In some states, a corporation must file a statement of intent to dissolve before it begins winding up. In these states, Articles of Dissolution may not be filed until all of the corporation’s debts, liabilities and obligations have been taken care of and its remaining assets have been distributed to its shareholders. However, other states provide that Articles of Dissolution may be filed at any time after the dissolution was authorized. No notice of intent is required. These states provide that a dissolved corporation continues its corporate existence but may not carry on any business except that appropriate to wind up and liquidate its business and affairs.
Administrative dissolution. A corporation may be administratively dissolved by the Secretary of State if it fails to comply with certain requirements of the state’s corporation law. Generally, a corporation may be administratively dissolved for failing to pay franchise taxes, failing to file an annual report, failing to maintain a registered agent or office, or for failing to notify the state of a change in registered agent or office.
Many failures to comply with these statutory requirements occur inadvertently and may be corrected if brought to the corporation’s attention. Therefore, the states will notify each corporation subject to administrative dissolution and give them a certain period of time to comply with the statutes. Most states allow a corporation that has been administratively dissolved to apply for reinstatement. In order to be reinstated, a corporation must file all past-due annual reports, pay all taxes, interest and penalties, and otherwise comply with the requirements it had not met. The corporation must also file an application for reinstatement. A corporation that is reinstated may resume carrying on its business as before dissolution.
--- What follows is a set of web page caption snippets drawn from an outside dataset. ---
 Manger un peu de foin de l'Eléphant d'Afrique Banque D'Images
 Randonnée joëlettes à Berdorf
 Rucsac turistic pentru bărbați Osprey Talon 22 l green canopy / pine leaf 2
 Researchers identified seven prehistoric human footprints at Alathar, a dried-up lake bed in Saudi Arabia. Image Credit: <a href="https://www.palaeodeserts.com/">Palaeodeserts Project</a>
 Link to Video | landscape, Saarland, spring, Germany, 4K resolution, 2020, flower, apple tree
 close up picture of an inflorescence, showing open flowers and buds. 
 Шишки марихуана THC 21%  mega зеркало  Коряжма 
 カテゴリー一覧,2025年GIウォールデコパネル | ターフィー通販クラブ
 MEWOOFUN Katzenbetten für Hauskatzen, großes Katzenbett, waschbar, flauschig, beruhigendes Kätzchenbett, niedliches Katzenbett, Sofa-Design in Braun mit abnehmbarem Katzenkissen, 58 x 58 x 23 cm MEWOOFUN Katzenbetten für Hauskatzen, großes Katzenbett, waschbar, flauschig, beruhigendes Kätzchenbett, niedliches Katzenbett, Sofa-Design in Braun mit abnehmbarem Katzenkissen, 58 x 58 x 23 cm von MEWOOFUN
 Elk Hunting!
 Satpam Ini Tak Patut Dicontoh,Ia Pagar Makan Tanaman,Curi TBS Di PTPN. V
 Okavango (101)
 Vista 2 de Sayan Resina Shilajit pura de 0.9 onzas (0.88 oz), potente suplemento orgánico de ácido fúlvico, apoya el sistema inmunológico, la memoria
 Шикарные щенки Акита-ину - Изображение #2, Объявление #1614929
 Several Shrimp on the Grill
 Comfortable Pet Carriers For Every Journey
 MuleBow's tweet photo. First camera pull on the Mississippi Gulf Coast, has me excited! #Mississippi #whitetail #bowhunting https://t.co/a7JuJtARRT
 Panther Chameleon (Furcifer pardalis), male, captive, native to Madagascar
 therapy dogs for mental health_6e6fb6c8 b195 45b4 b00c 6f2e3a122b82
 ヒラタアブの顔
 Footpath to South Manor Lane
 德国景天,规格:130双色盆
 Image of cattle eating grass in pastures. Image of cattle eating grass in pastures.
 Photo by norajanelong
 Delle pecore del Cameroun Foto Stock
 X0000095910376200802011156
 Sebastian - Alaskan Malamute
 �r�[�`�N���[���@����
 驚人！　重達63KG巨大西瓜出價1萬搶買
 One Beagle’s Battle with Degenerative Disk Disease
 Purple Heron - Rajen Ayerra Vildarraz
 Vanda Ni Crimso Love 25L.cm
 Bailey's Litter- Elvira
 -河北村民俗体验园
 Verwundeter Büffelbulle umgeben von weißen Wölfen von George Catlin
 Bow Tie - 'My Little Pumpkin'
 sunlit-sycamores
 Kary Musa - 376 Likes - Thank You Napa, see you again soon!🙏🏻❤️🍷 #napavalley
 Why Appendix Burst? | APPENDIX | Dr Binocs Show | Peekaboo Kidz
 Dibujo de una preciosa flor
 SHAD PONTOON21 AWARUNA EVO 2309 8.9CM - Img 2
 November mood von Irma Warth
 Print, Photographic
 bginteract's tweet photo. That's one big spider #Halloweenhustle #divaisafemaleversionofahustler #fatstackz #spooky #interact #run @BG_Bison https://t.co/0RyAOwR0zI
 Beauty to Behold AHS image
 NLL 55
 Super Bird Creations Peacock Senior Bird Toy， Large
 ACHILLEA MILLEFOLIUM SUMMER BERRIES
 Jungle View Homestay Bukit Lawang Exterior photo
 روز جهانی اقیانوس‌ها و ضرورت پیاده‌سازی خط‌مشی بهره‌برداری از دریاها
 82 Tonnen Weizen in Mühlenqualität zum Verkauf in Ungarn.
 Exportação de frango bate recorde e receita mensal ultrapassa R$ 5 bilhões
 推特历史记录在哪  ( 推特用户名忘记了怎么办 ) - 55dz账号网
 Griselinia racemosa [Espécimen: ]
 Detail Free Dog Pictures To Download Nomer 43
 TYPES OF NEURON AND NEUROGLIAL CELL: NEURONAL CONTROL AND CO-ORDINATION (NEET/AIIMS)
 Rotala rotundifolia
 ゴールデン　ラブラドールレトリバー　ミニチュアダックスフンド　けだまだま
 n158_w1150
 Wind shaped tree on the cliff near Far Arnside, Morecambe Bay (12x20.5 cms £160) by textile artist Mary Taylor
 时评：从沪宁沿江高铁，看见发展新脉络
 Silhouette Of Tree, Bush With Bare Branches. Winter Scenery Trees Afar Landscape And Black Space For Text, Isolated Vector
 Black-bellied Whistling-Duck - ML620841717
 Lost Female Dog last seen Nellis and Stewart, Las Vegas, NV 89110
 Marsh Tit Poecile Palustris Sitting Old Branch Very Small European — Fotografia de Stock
Judicial dissolution. A court may involuntarily dissolve a corporation at the request of the state’s attorney general, a shareholder, or a creditor. Judicial dissolution may be granted in a proceeding by the attorney general if the corporation obtained its articles of incorporation by fraud or if it exceeded or abused its authority. A shareholder may generally seek judicial dissolution where management was deadlocked, resulting in irreparable injury to the corporation, where management engaged in illegal, oppressive or fraudulent conduct, where the shareholders were deadlocked and unable to elect directors, or where corporate assets were being misapplied or wasted. A creditor may request judicial dissolution if the corporation is insolvent and the corporation has either admitted that the creditor’s claim is due and owing or the creditor’s claim has been reduced to judgment and the execution on the judgment returned unsatisfied.